The deep learning methods in this study utilized a Swin Transformer framework that effectively captures complex spatial relationships through its multi-attention mechanisms, particularly valuable for analyzing image features (25, 26). The self-attention mechanism allows the model to focus on relevant image regions while considering the global context, enhancing feature extraction capabilities beyond conventional CNNs (27, 28). Deep learning models are increasingly applied to diagnose pathological features, predict treatment response, and identify early recurrence in various malignancies (29–31). Previous reports found that deep learning can be applied to the HCC classification and identification (32, 33), as shown by Charlie A. Hamm’s research (34). Compared with Hai-Feng Liu et al.’s study (35), our research similarly integrated habitat and deep learning features. Moreover, we enhanced our model by incorporating comprehensive clinical data and traditional imaging features, increasing its clinical applicability. Furthermore, their study was limited by its single-institution design, relatively modest sample size, and lacked external validation cohorts. Indeed, the integration of diverse features to create optimized models has been substantiated across multiple studies (36–38).
This study has several limitations. First, this is a retrospective study, which may introduce inherent biases, including potential selection bias reflected in the predominance of male participants, although this gender distribution aligns with the higher incidence of primary liver cancer in East Asian males (39). Second, despite the substantial sample size (n=539), it remains relatively modest for deep learning applications. Third, variations in imaging equipment and baseline characteristics across two institutions may affect deep learning and habitat features. Finally, all tumor images were manually outlined by radiologists and future research should investigate automatic lesion segmentation to improve the stability of our model.

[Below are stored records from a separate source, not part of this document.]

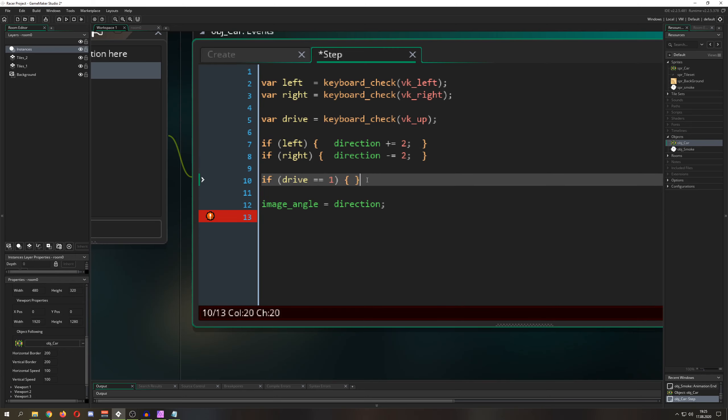Then what do we do? Well, we say hey, our speed is, I don't know, let's go for three. Then what we would be doing, once we pressed our button, then we would be having a speed always of three, which we don't want.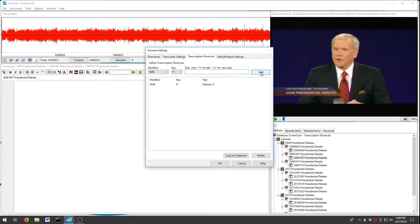Now let's define transcription shortcuts for Senator McCain and the debate moderators.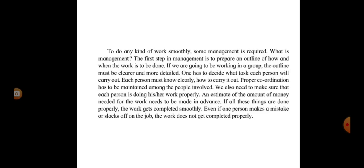To do any kind of work smoothly, some management is required. What is management? The first step in management is to prepare an outline of how and when the work is to be done. If we are going to be working in a group, the outline must be clearer and more detailed. One has to decide what task each person will carry out. Each person must know clearly how to carry it out. Proper coordination has to be maintained among the people involved. We also need to make sure that each person is doing his or her work properly. An estimate of the amount of money needed for the work needs to be done in advance. If all these things are done properly, the work gets completed smoothly. Even if one person makes a mistake or slacks off in the job, the work does not get completed properly.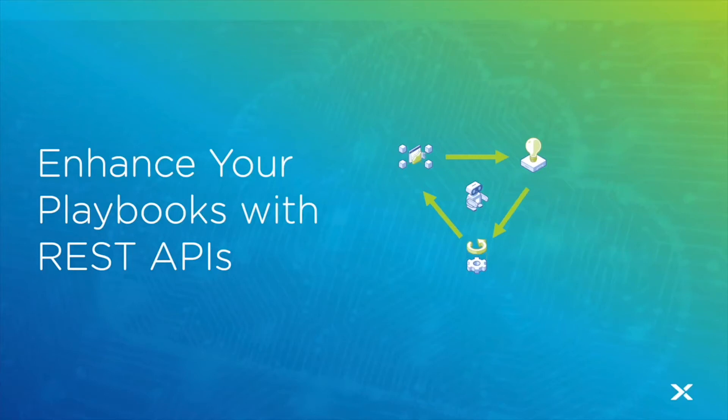Hi and welcome back. In today's episode we're going to take a look at how you can enhance your playbooks using REST APIs.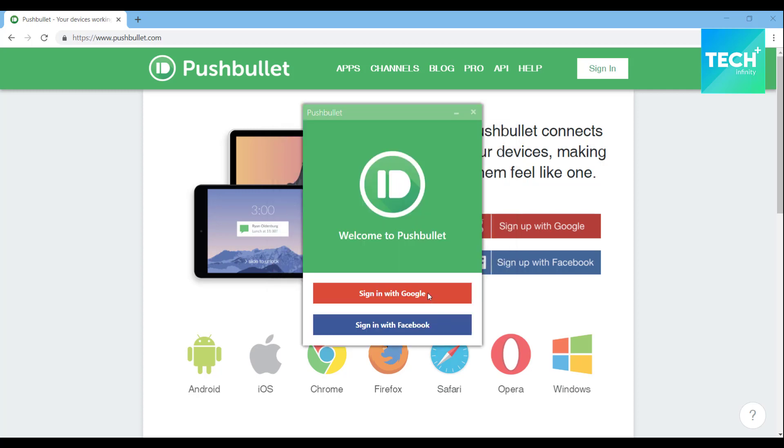Log in using your Google account or Facebook account. I'm choosing Google account.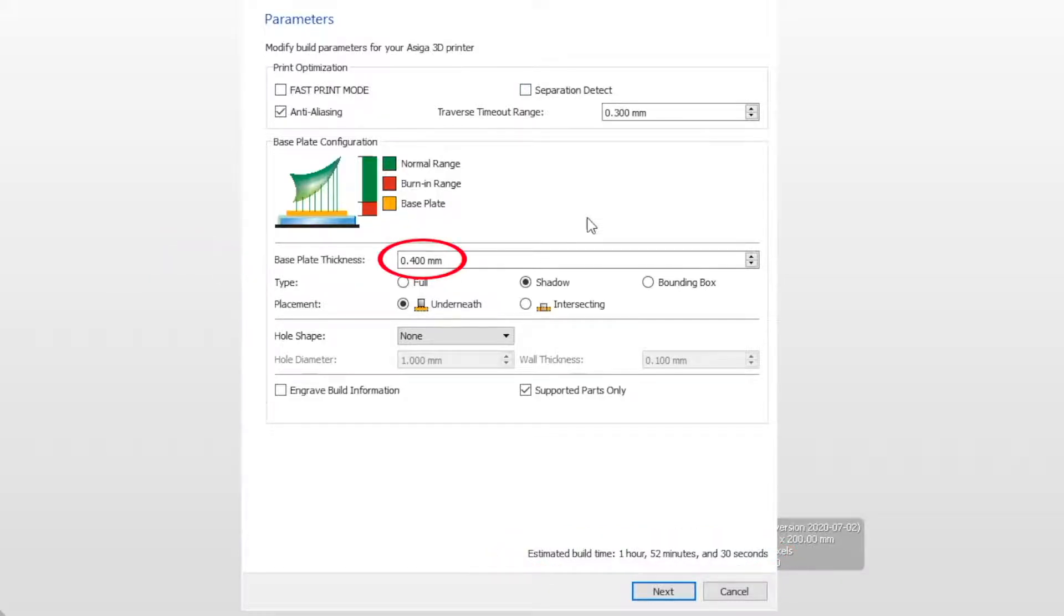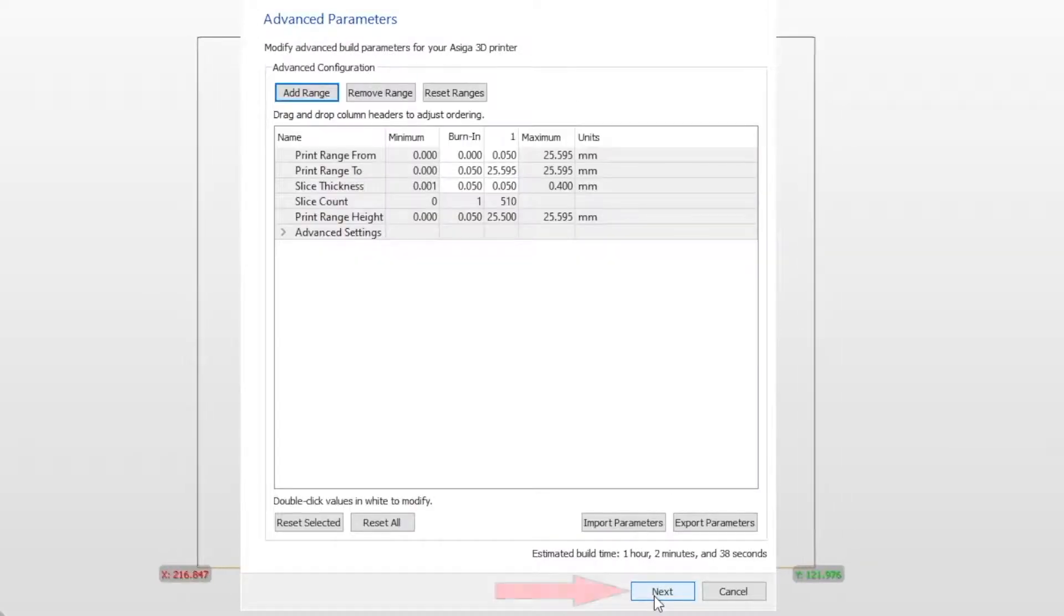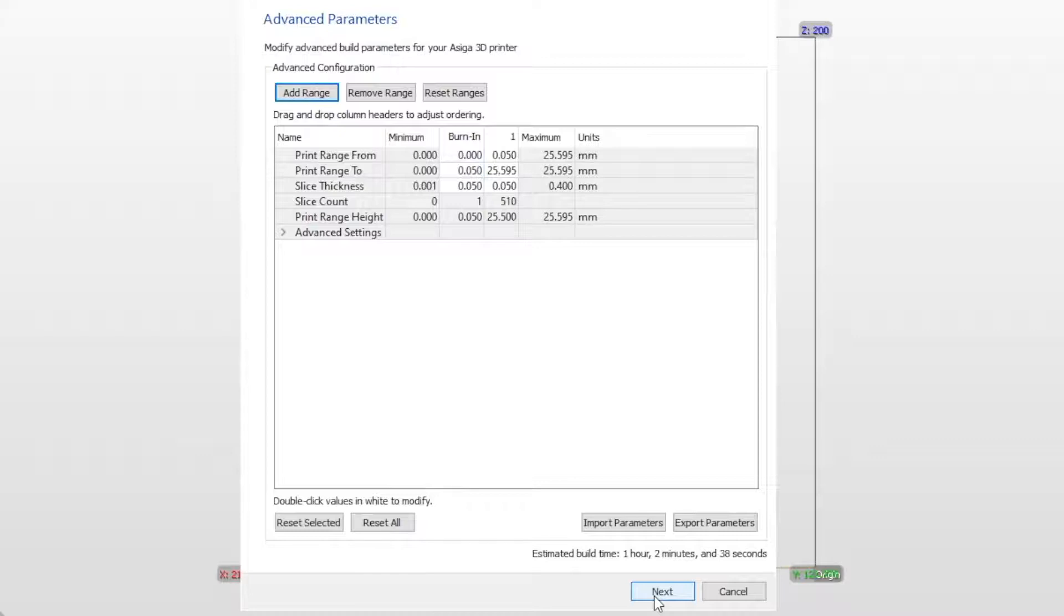The advanced parameters page will now appear. No settings on this page can be adjusted.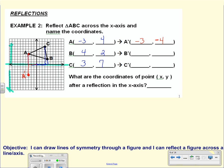For B, to get to the line I go down 2, so I need to go down 2 more to get to the other side. Here's my new B prime. The coordinates from the origin are positive 4 to the right, and negative 2 going down. For point C, I go 7 spaces to get to the line, so I go 7 on the other side to get C prime. Its coordinates are positive 3 in x and negative 7 in y.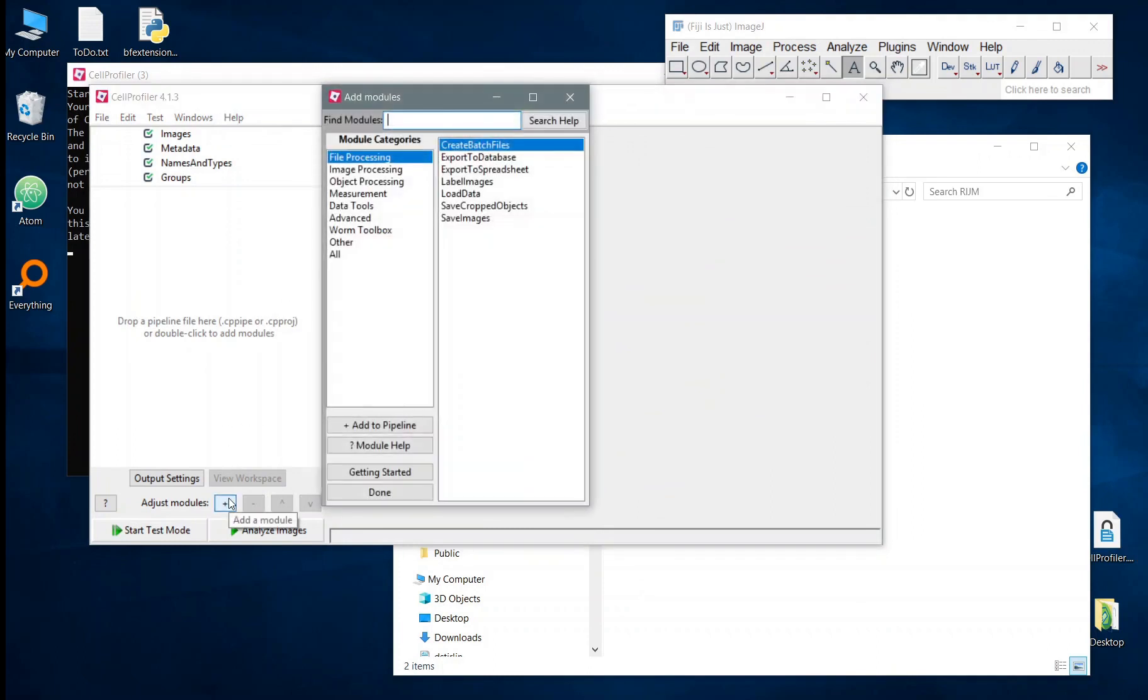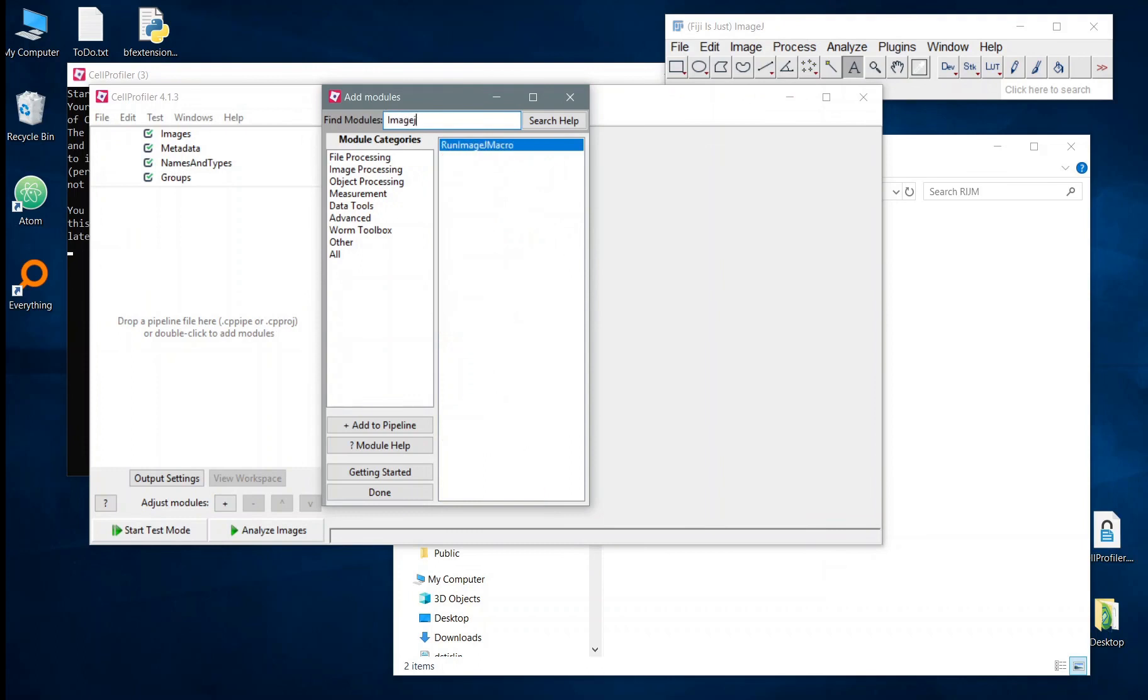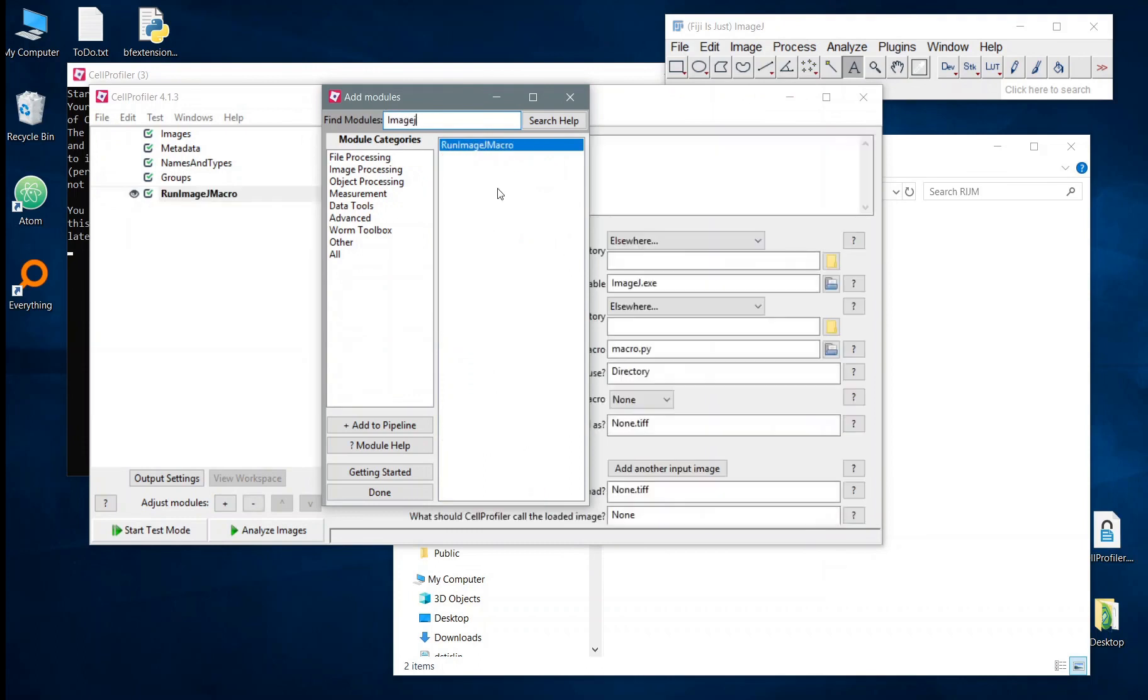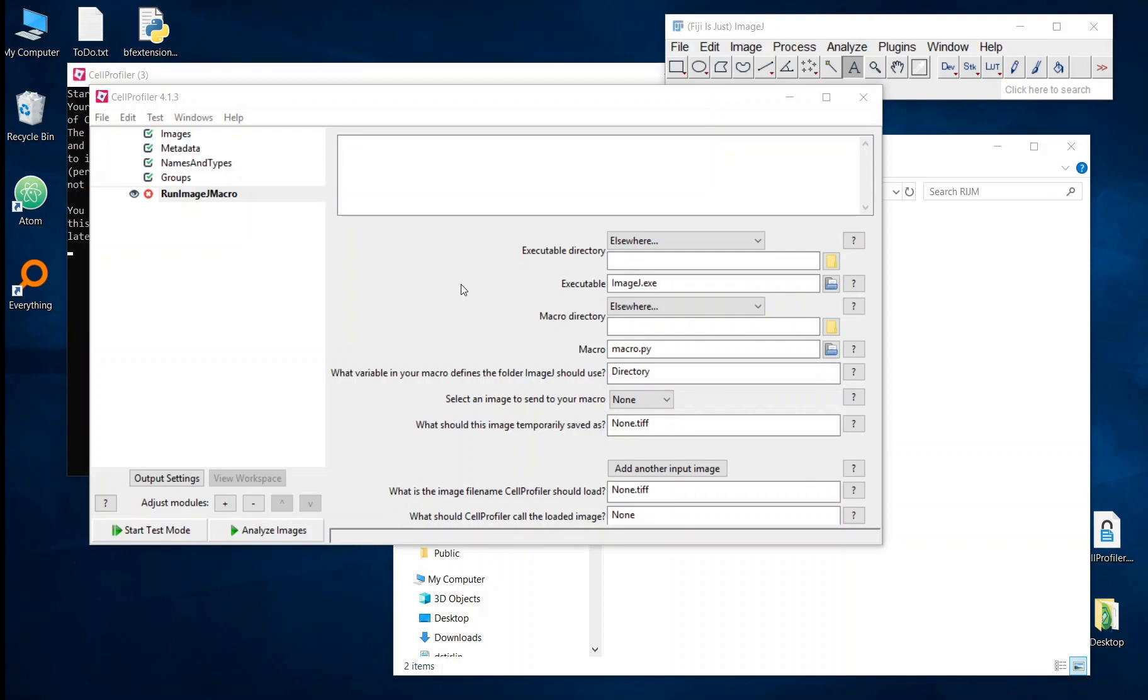This module has been introduced to allow users to link CellProfiler to ImageJ. Effectively what this module does is it will allow a CellProfiler user to create a temporary folder during the run, export an image or send images into that folder and then execute an ImageJ macro on that folder. Once the macro completes, CellProfiler can then import a resulting image produced by that macro.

In conclusion, we developed and validated a DL-HR nomogram model combining clinical, radiologic, habitat radiomics, and deep learning features for the prediction of CK19 expression in HCC. Furthermore, the model effectively stratified patients into different risk categories for RFS, highlighting its potential clinical utility for treatment planning and post-operative surveillance. Future prospective studies are needed to validate the clinical applicability of this model.